- _What is being asked_
Set down exactly the lines in the records below that run from the line with "Vip with elevator" to the line with "NZXT H5 Flow Computer Case", inclusive, and nothing more.

- _Data records_
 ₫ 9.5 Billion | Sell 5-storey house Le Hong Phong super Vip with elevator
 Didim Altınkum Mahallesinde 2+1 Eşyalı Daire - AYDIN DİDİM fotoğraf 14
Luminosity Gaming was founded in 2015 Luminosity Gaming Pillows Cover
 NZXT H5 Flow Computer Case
* * *
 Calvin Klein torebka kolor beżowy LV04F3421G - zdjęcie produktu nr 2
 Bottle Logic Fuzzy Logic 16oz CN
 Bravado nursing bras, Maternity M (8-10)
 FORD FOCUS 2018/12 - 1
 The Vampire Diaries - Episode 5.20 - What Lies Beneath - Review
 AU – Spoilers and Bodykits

- _Answer section_
 ₫ 9.5 Billion | Sell 5-storey house Le Hong Phong super Vip with elevator
 Didim Altınkum Mahallesinde 2+1 Eşyalı Daire - AYDIN DİDİM fotoğraf 14
Luminosity Gaming was founded in 2015 Luminosity Gaming Pillows Cover
 NZXT H5 Flow Computer Case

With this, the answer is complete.